Disney has once again tried to overhaul its retail strategy. The New York Times reports today that Disney has opened a new prototype store in California. Reporter Brooks Barnes explains the changes in the store format:
Quietly, like a mouse on tiptoe, Disney overhauled its retail store at the Northridge Fashion Center mall in late July. Out went the twisty Pixie Path aisles, the ornate displays, the green walls and the color-changing fiberglass trees. In came a movie-theater-size screen, a simplified floor plan, white walls and more items for fashion-conscious adults... The redesign makes Disney’s stores a bit more like Disney’s theme parks. For instance, daily parades at Disneyland in California and Walt Disney World in Florida will be streamed live to those colossal video screens. During the parades, store personnel will put out mats for shoppers to sit on and roll out souvenir carts stocked with cotton candy and light-up Mickey Mouse ears.
Of course, Disney tried to overhaul its retail stores seven years ago. Now they are trying again to reshape their retail strategy in the face of intense competition from online retailers, as well as major players such as Target and Wal-Mart.

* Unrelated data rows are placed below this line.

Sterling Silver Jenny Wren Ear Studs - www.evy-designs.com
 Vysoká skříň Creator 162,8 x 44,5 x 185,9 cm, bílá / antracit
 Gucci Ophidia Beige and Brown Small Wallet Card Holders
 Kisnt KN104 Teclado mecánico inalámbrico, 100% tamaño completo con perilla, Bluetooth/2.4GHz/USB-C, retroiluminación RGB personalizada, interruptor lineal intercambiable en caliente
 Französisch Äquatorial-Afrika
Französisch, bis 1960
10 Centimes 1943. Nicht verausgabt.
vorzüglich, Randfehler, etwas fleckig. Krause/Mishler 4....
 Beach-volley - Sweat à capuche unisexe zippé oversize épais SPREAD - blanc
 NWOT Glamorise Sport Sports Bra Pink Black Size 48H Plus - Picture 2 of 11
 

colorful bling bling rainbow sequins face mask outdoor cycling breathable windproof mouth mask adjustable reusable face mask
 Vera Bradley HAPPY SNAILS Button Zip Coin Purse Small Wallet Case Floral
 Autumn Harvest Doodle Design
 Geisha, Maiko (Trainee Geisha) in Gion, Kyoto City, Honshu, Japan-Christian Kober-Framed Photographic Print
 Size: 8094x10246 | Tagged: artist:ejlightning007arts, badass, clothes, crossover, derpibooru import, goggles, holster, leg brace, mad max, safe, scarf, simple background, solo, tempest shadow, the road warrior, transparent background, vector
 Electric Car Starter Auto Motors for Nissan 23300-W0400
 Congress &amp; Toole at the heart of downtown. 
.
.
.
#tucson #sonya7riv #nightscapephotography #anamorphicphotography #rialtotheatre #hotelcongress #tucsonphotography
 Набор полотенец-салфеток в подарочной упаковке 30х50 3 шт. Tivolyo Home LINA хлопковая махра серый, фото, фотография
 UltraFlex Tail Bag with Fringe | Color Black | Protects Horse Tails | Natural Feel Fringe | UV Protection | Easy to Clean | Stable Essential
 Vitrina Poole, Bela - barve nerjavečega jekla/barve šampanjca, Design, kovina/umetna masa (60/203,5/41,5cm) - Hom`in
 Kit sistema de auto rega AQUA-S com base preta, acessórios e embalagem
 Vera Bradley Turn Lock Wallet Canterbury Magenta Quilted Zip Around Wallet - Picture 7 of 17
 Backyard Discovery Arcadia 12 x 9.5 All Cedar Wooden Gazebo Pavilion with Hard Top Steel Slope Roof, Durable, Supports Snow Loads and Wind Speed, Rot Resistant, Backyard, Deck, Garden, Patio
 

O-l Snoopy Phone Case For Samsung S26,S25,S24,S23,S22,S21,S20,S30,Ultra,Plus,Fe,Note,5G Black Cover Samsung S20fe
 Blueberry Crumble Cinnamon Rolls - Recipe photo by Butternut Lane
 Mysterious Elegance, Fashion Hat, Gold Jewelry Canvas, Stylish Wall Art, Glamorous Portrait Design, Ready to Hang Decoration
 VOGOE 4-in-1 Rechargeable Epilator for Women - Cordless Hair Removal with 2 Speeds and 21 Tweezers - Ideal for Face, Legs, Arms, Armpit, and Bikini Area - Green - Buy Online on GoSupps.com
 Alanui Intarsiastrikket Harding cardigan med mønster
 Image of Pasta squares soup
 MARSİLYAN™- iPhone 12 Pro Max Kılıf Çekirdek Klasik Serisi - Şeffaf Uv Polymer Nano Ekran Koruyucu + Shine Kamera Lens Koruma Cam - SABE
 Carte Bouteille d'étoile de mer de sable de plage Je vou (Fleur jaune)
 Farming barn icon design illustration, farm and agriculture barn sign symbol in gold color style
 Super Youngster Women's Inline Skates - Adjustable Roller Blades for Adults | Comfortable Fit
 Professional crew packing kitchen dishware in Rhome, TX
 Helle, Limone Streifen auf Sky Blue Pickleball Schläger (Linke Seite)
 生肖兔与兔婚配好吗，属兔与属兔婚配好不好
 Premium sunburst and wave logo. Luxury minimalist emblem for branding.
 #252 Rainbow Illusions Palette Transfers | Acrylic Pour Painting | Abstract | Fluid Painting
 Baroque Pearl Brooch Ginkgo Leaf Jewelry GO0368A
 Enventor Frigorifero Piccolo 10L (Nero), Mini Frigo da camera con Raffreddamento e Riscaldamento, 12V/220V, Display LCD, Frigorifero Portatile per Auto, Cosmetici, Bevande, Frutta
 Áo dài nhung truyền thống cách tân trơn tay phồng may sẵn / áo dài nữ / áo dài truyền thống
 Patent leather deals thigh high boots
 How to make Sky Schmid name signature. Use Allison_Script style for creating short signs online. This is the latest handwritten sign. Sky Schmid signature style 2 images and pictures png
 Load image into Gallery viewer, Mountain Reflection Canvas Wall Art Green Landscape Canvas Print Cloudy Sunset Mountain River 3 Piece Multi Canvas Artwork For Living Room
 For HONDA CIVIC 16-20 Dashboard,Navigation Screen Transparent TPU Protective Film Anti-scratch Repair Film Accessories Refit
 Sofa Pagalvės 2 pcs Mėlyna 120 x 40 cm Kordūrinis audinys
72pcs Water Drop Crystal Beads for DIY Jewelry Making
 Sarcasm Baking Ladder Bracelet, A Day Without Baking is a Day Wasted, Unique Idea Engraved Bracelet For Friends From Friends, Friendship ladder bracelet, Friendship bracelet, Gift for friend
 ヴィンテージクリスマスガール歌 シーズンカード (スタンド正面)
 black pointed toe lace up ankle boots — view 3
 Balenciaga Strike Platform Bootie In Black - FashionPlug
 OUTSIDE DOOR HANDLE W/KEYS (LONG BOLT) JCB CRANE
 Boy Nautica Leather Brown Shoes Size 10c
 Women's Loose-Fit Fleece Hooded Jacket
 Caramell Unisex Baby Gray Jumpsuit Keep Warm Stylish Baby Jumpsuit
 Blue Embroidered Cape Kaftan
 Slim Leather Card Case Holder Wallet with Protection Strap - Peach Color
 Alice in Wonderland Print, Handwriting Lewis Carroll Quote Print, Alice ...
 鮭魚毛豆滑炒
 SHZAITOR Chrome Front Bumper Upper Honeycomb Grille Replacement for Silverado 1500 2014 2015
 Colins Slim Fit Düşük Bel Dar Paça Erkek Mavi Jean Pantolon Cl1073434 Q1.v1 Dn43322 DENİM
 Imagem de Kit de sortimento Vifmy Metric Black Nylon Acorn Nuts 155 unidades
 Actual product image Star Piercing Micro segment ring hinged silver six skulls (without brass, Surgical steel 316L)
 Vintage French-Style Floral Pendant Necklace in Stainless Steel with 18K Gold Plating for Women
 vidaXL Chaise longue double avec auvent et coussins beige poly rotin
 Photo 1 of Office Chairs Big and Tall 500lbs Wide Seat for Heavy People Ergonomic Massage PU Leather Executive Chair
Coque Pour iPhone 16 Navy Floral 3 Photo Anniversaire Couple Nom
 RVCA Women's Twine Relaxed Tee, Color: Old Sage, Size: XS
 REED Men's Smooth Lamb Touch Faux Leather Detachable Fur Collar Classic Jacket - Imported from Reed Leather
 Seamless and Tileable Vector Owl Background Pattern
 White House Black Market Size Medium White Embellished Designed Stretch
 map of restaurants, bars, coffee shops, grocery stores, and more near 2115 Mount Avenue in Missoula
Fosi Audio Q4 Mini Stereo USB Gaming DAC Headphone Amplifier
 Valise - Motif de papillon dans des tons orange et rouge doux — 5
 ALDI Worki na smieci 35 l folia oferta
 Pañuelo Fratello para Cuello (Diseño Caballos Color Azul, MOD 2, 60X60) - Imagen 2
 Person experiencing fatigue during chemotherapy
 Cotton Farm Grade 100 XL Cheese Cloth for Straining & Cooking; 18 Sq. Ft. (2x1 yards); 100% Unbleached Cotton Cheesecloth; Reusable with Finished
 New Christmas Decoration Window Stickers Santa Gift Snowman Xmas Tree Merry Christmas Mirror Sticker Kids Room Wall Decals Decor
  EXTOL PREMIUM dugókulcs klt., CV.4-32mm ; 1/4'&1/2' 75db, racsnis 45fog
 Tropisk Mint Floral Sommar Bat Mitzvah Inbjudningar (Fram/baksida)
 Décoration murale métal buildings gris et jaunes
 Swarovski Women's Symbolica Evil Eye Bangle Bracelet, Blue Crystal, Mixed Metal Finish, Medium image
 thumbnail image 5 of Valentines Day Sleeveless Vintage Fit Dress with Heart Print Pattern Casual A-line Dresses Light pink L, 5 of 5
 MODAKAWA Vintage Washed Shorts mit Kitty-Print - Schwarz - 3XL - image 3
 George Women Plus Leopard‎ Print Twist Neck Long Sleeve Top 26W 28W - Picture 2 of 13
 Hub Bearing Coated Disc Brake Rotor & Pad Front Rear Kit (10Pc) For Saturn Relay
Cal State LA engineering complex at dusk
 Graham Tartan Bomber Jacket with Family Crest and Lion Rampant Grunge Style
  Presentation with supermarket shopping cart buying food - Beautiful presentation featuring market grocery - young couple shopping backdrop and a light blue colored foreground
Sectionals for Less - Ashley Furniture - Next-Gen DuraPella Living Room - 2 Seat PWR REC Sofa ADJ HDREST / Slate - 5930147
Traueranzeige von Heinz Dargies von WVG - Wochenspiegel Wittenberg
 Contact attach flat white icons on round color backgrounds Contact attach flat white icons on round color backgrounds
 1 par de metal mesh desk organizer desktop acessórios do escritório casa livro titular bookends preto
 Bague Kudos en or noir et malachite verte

As with the prior revamp, I think Disney has to ask itself two fundamental questions:
1. Do the stores represent a sufficient experience that justifies customers making a special trip to the store, as opposed to buying elsewhere? Does that experience enhance customer's willingness to pay for its products? If they can't answer yes to those two questions, then they should reconsider this vertical integration strategy.
2. Should Disney have 300+ stores across the country, mostly in shopping malls? Or, should Disney consider slimming down the store count considerably, and opting for a "flagship store" strategy in major cities around the world?